The popularity of digital cameras and the growth in Internet-based photo sharing has triggered a dramatic explosion
in the number of photo images stored by average consumers. For most of us, the real value of having a photo collection
is the ability to browse and retrieve images of people, places and events, quickly and easily.
The problem is that within just a few years, family photo collections can easily mushroom to thousands of images. As this
occurs, the task of organizing, browsing and searching them can lead to a lot of frustration.
Many people organize their photo collections by using descriptive file names, grouping photos into folders, or manually
tagging them with informative text. These techniques become increasingly cumbersome as the volume of a photo collection
continues to grow. This issue has motivated Intel to develop solutions for practical machine-assisted photo classification.
Machine-based photo search involves synthesizing metadata – which can be defined in this case as data that describes the
context of photos – by extracting structural features (descriptors) from photo media files, using them to semantically
classify the images, and storing the results to enable fast index-based retrieval and organization.
This technology is very promising, but there are major obstacles to deploying it on a large scale. Limited processor
performance constrains usage models.

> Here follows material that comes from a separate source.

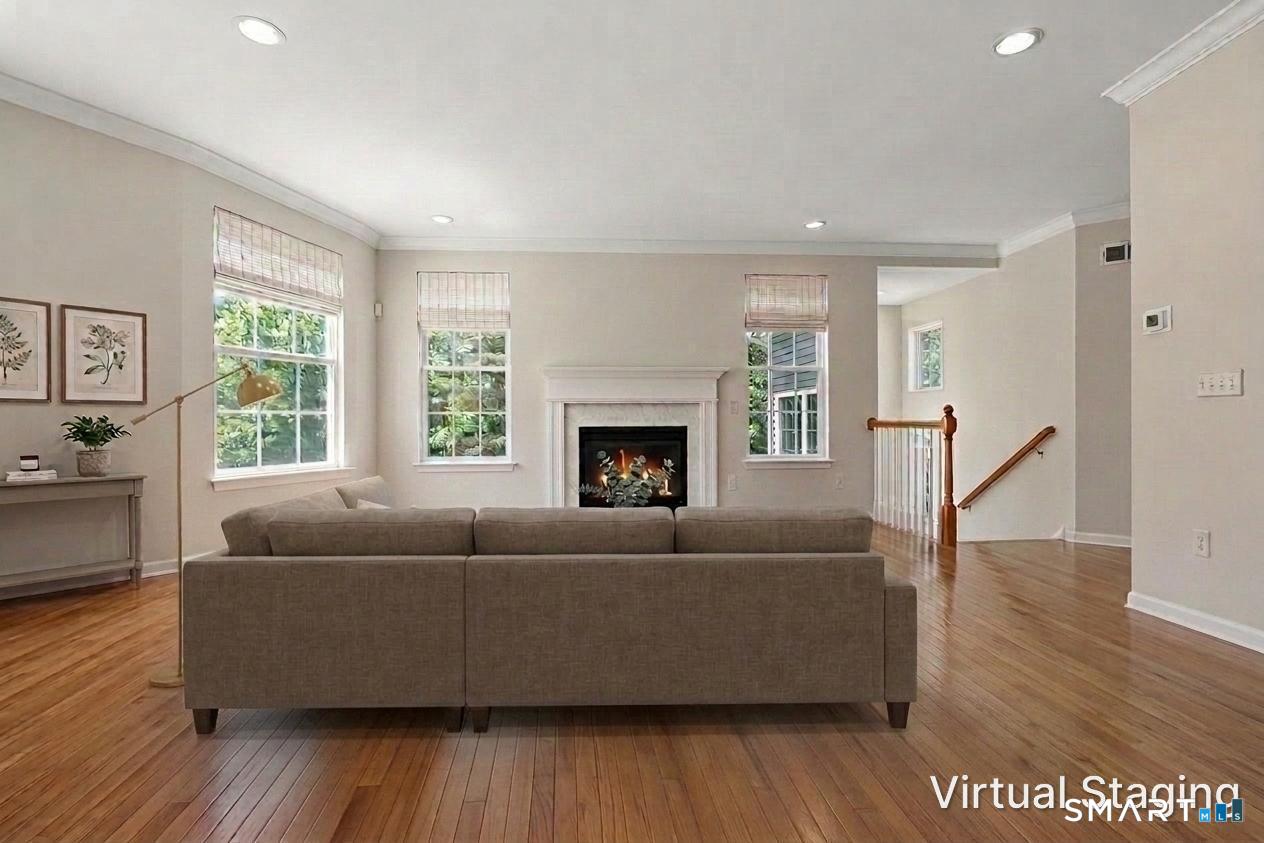 14 Cambridge Drive Unit: 14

And programming complexity limits re-use and increases software development and
maintenance costs.
The Intel Digital Home Innovations Team is developing a software framework that will simplify the programming model.

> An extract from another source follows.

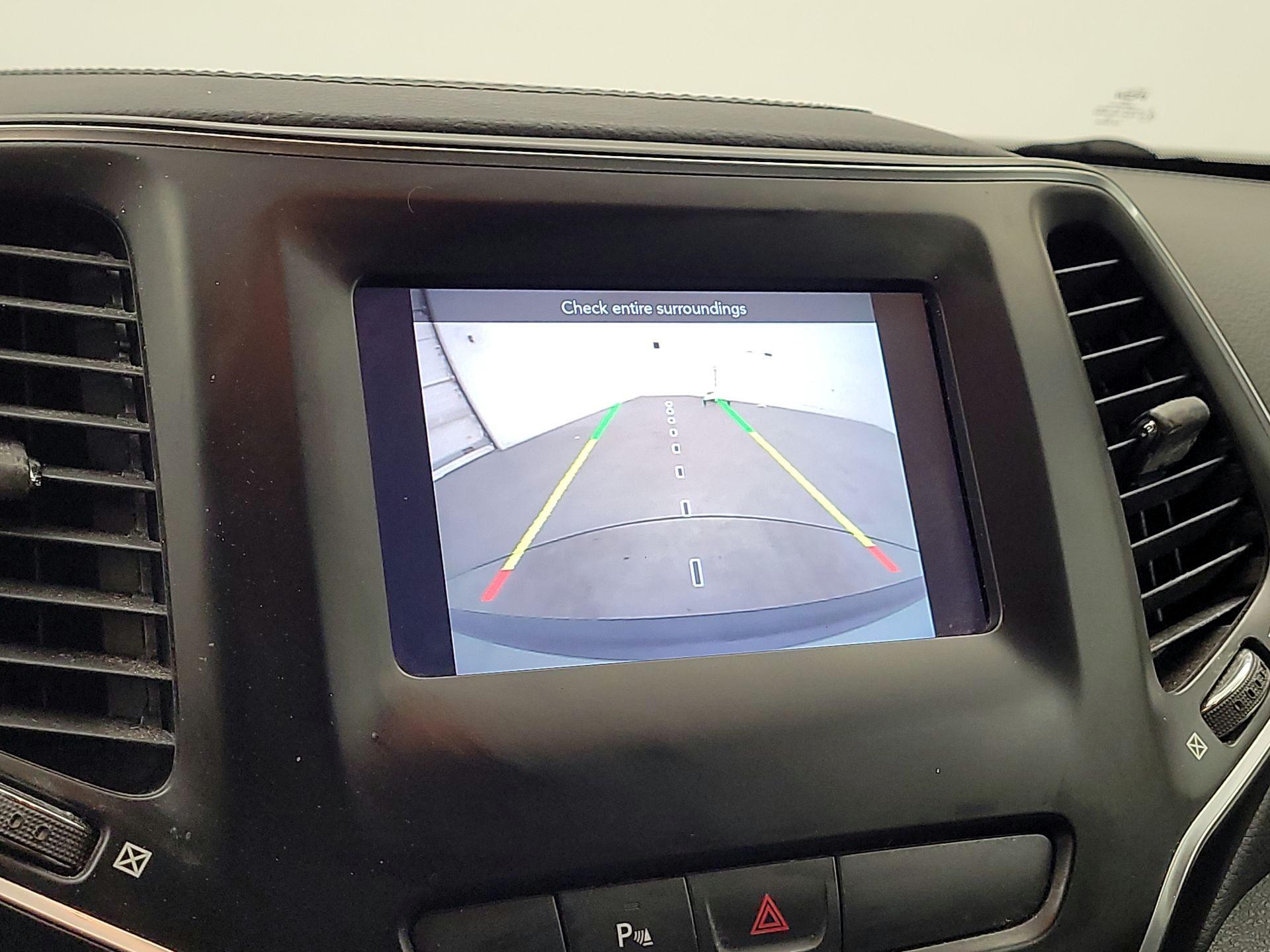 Thumbnail: 2020 Jeep Cherokee - 14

Our goal is to make fast photo search capability accessible to developers of third-party applications.
At the same time, we are investigating ways to accelerate the process of math-intensive metadata extraction and
classification by harnessing the performance of multi-core processors. The goal is to make scene classification
practical so that future generations of consumer electronics devices will be able to support a variety of interesting usage
models using third-party applications.
Automated classification holds considerable promise within a variety of usage models and applications involving digital
photos. These include searching through media stored on the desktop, photo editing, authoring slideshows and Web-enabled
photo applications. These applications will ultimately include searching for photos using next-generation set top boxes
and other connected CE devices in the living room.

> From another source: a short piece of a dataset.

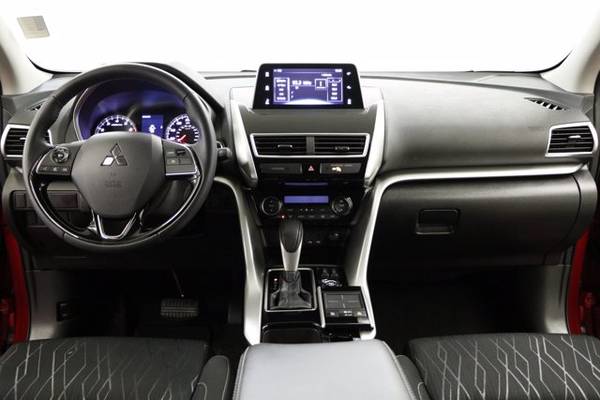 HEATED SEATS! CAMERA! 2018 Mitsubishi ECLIPSE CROSS SUV AWD 4WD for sale in Clinton, AR – photo 5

Thematic grouping is one of the compelling and cool consumer application areas that could be brought to life by improvements
in metadata synthesis. In this type of application, the computing device is provided with a theme, and then uses compiled
semantic information to assemble an appropriate photo set, such as “our baby grows up” or "Susan's soccer career.”
Improved photo search technology can make it easy and hassle-free for users to assemble photo albums, create slide shows,
build scrap books for Web sites or create photo-illustrated blogs.
Intel has developed a software architecture in which the fundamental building blocks of metadata synthesis are the same
regardless of the application. This software has been prototyped in Intel’s labs and is currently being shared and refined
through collaboration with a select group of third-party companies. The goal of this effort is to provide software ingredients
that add value to many present and future consumer software applications involving digital images.
Image Search in the Digital Home
Roll your cursor over Figure 1 for a sequential look at a potential future usage model based on image search with metadata synthesis.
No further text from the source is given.